Since its first recognition, the prevalence of primary hyperaldosteronism, or Conn's syndrome, as a cause of hypertension has been disputed. Initial optimism that 20% of hypertensives may have a curable cause gave way to a realisation that many patients with essential hypertension have low renin hypertension, and nowadays less than 1% of patients started on treatment for hypertension are considered to have the diagnosis. Recently, systematic surveys using a ratio of aldosterone to renin above 800 as an upper limit of normal have suggested prevalence figures greater than 10% (of hypertensives).1 Ironically, changes in modern pharmacological treatment of hypertension have probably reduced the sensitivity of plasma electrolyte measurements for detection of Conn's syndrome, since the 4–8-fold lower doses of diuretics − and lower overall use of this class − than in Conn's time means that plasma K⁺ values <3 mmol/l are seen infrequently; it is also likely that reductions in average salt intake limit the degree of hypokalaemia in Conn's syndrome.
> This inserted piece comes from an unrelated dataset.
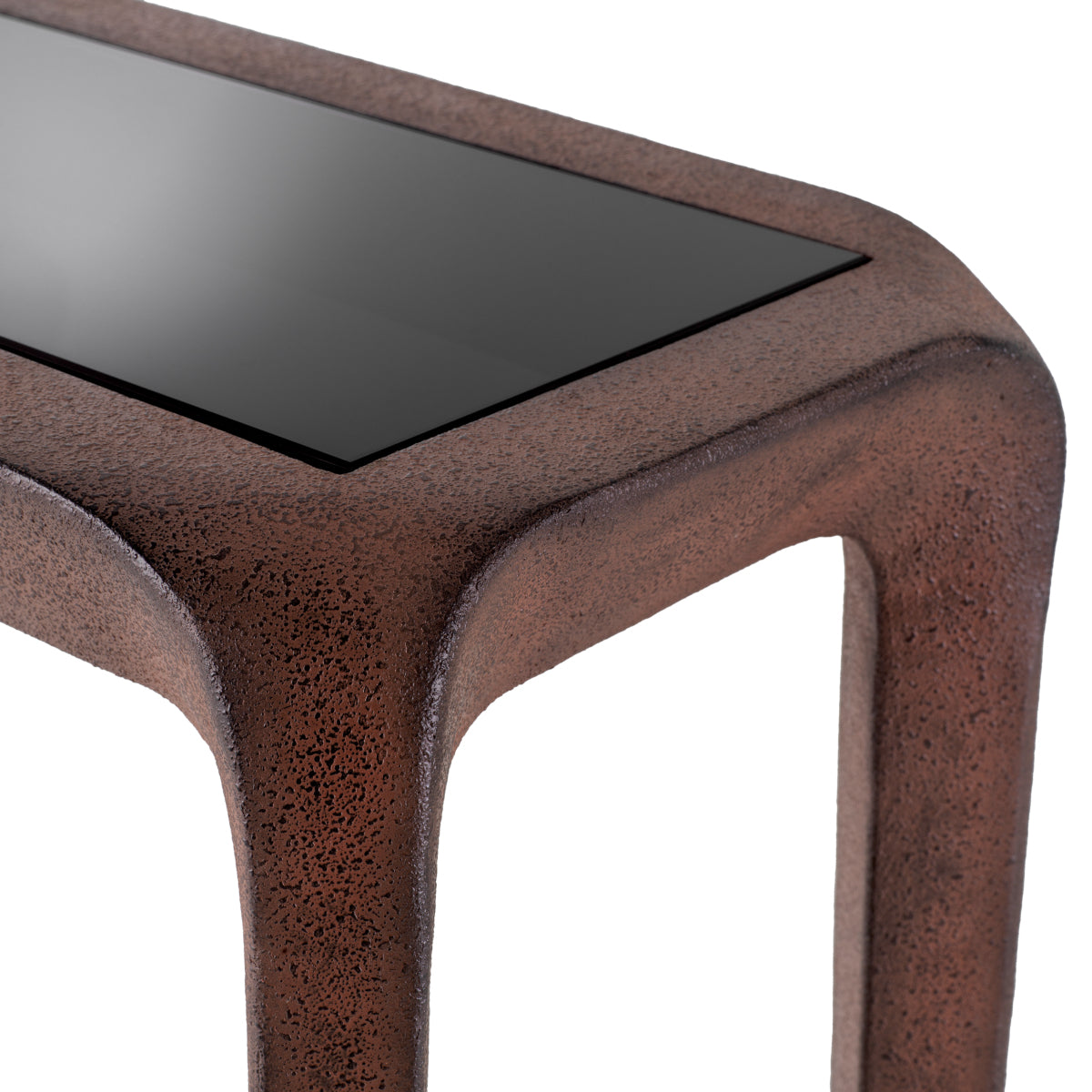 Consoletafel Quentin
Both sodium and diuretic intake influence how much K⁺ is lost through K⁺/Na⁺ exchange in the renal distal tubule. Angiotensin-converting enzyme (ACE) inhibitors suppress angiotensin-II-mediated aldosterone secretion. Suppression of aldosterone release from adrenal zona glomerulosa cells by Ca⁺⁺ entry blockers is well described,2 3 but their effect in Conn's syndrome has been controversial.4 5 While the specific antagonist for aldosterone, spironolactone, is known sometimes to confuse diagnosis of an adenoma by masking suppression of the contralateral adrenal, there is no generally recognised recommendation to withdraw Ca⁺⁺blockers during investigation of possible Conn's syndrome; there is also no published experience with amlodipine, arguably the most powerful and now most widely used member of the class in hypertension. We therefore report here a patient with a Conn's adenoma in whom serial K⁺ and aldosterone measurements demonstrated how treatment with amlodipine can completely mask the diagnosis.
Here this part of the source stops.